I love Emacs. I’ve been using it since late 2017 and have had an on and off again relationship with it. It’s a great tool for anyone who likes to tinker around with software. Like any relationship, there are some pain points I have that consistently want to push me away from Emacs, one of which is performance.

I’ve used Doom Emacs for a really long time and hlissner has done an incredible job of building a fantastic configuration setup, and compared to other configuration frameworks I’ve used, Doom is the most performant and most versatile. That being said, no matter how much optimization is done on the configuration side, Emacs can still be extremely slow, especially compared to it’s Vim counterpart.

Cue GCC Emacs

GCC Emacs is a branch of the main Emacs repository that uses libgccjit, a pseudo-JIT compiler which compiles elisp to native code. You can see all updates from the author here and try to understand exactly what’s happening. This provides an exceptionally large performance boost in everything Emacs does from startup time to normal day-to-day work. It also appears to help manage the amount of C code that needs to be written in the underlying Emacs engines. See the Emacs Wiki for more info on how it works and more detailed instructions than what I’m about to give.

Get up and running

I’ve run this on Arch linux only so far so here are the steps I followed in order to get it running. Here’s the build documentation for more information on the flags used to configure and compile. Some used here can be omitted if you don’t want them.

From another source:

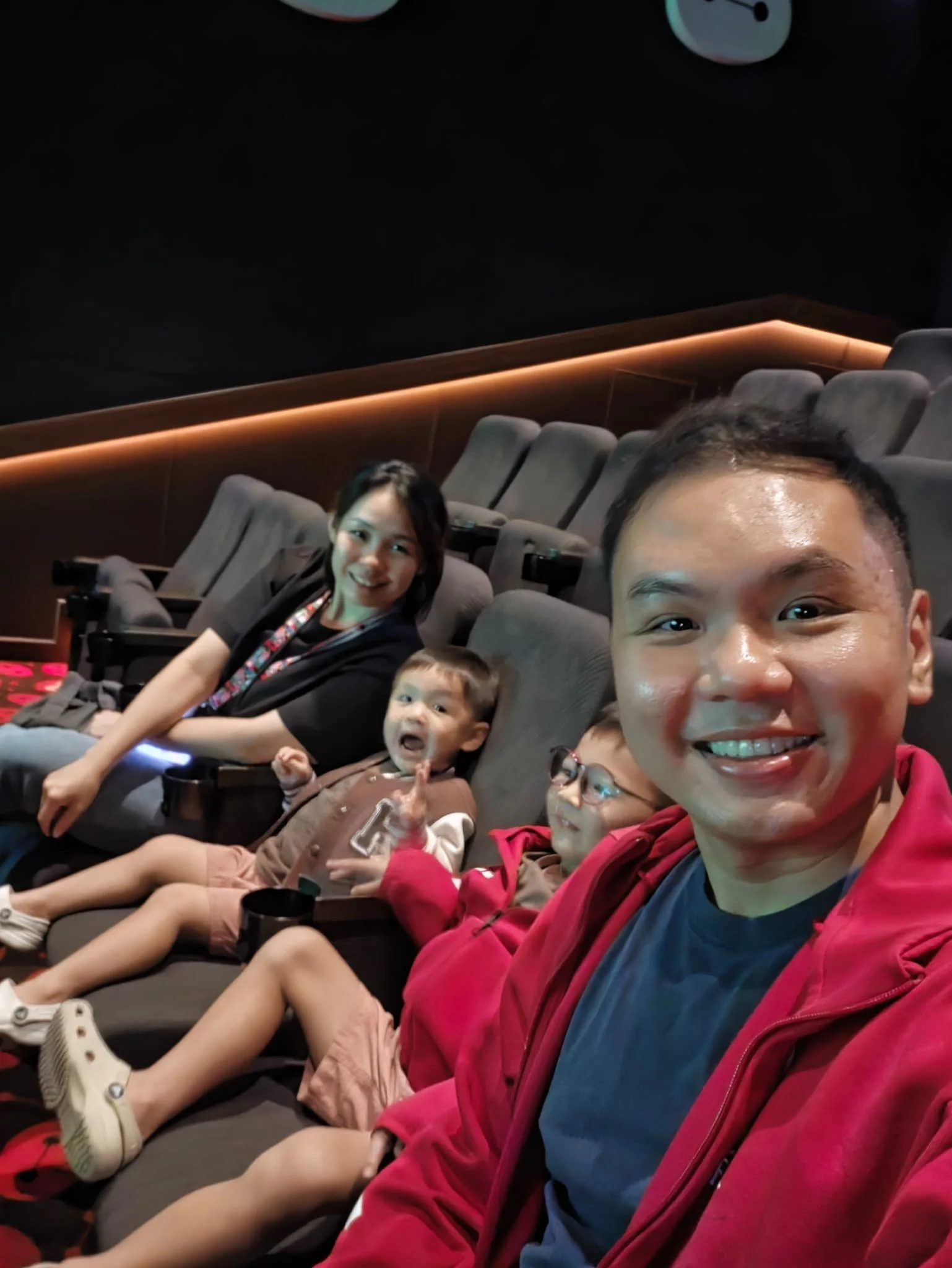 Selfie of me with Joanna and the boys in the ship’s cinema.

Note: I highly advise against using the AUR package for GCC Emacs and instead just bulid it yourself

# Install libgccjit: https://aur.archlinux.org/packages/libgccjit/
$ yay -S libgccjit

# Install CMake (required for VTerm. Ignore if you want)
$ sudo pacman -S cmake

# Clone Emacs repo and checkout `feature/native-comp`
$ git clone git://git.savannah.gnu.org/emacs.git -b feature/native-comp
$ cd emacs

# Build
$ ./autogen.sh
$ ./configure --with-nativecomp --with-dbus --with-gif --with-png --with-jpeg --with-libsystemd --with-rsvg --with-modules
$ make -j$(nproc)

At this point you can run ./src/emacs in the emacs directory and viola. It should start up pretty fast. At first I renamed my .emacs.d folder just so I could load up vanilla Emacs and test things out. If you want to use Doom like I am and/or use GCC Emacs fulltime, keep reading.

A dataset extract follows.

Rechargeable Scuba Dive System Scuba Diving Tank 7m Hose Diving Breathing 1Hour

At this point I recommend you uninstall the normal Emacs version if you have it installed and then you can install this package proper.

# Remove Emacs (optional)
$ sudo pacman -R emacs

# In Emacs directory
$ make install

The emacs binary you reference should work just as intended. Now for Doom things are quite simple. If you changed the .emacs.d directory go ahead and change it back. You’ll then want to run ./emacs.d/bin/doom upgrade which will ensure you have the latest pinned commits of packages for increased chances of stability and build the packages as required.

Warning: This can take quite a while.

It’s fast

It’s been exceptionally fast for me. I also am using VTerm when I need to do anything in the terminal while working on something and it’s a lot faster than in the standard release as well.

Cheers.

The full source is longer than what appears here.